Earl "Peanutt" Montgomery, a frequent collaborator of the late George Jones, is suing the country icon's widow Nancy, the Concord Music Group record company and Cracker Barrel for releasing music without his permission. The suit, filed in a Nashville federal court, stems from the release of George Jones & the Smoky Mountain Boys in February of 2017.

The Tennessean reports that Montgomery claims he is the rightful owner of the recordings that make up George Jones & the Smoky Mountain Boys. In the late 1970s, Montgomery's lawsuit states, Jones told Montgomery he wanted to collaborate with the Roy Acuff's Smoky Mountain Boys, and that he wanted Montgomery "to produce and own [the album] as his retirement package for all his years of service and friendship to Mr. Jones" (Montgomery played in Jones' band, produced for Jones and co-wrote 73 songs for him).

The tracks that make up George Jones & the Smoky Mountain Boys were recorded at Doc's Place Recording Studio, then shelved. Montgomery's lawsuit reports that although the session's master tapes remained in Doc's Place's vault, he had possession of the original mixed album. Montgomery was not paid for his production work on the record, nor listed in the album's liner notes; rather, two executives who added new elements to the released versions of the recordings are listed as executive producer and project supervisor.
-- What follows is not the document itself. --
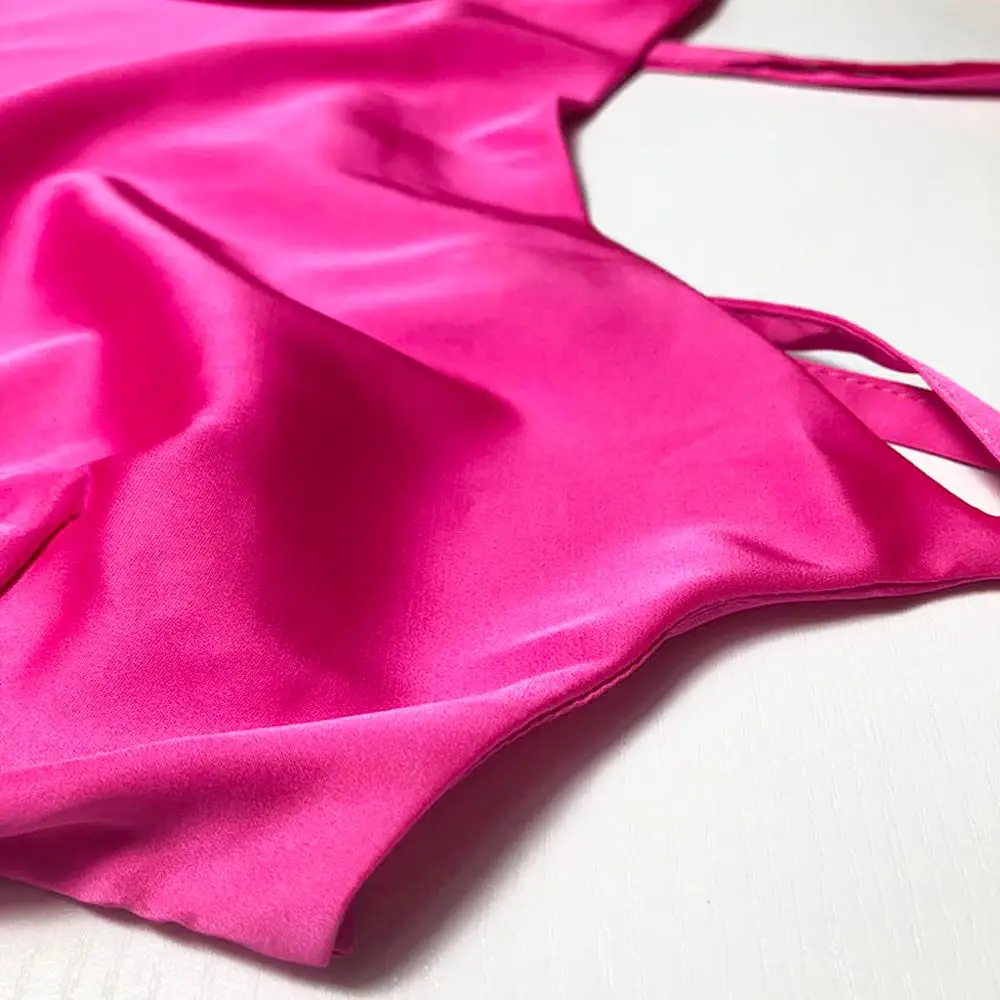 Женское платье атласное женское сексуальное облегающее с низким вырезом и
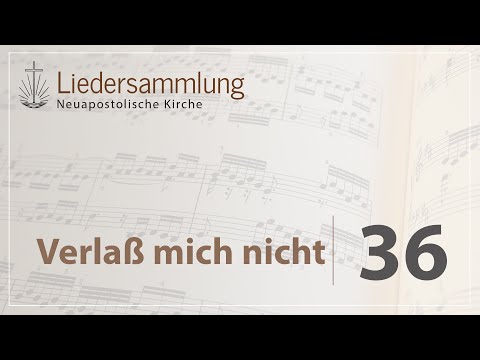 🎵 Alte Chormappe🎵 CM 036 - Verlaß mich nicht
"The release further misrepresents the album as lost recordings which were discovered," the lawsuit explains, "when in fact recordings were converted by defendant Nancy Jones and ultimately the Concord defendants with full knowledge of [Montgomery's] ownership."

After Jones died in April of 2013, Nancy Jones agreed to sell his intellectual property and other assets to Concord Music Group. Concord then agreed to release George Jones & the Smoky Mountain Boys through Cracker Barrel.

According to the Tennessean, Montgomery is seeking $5 million.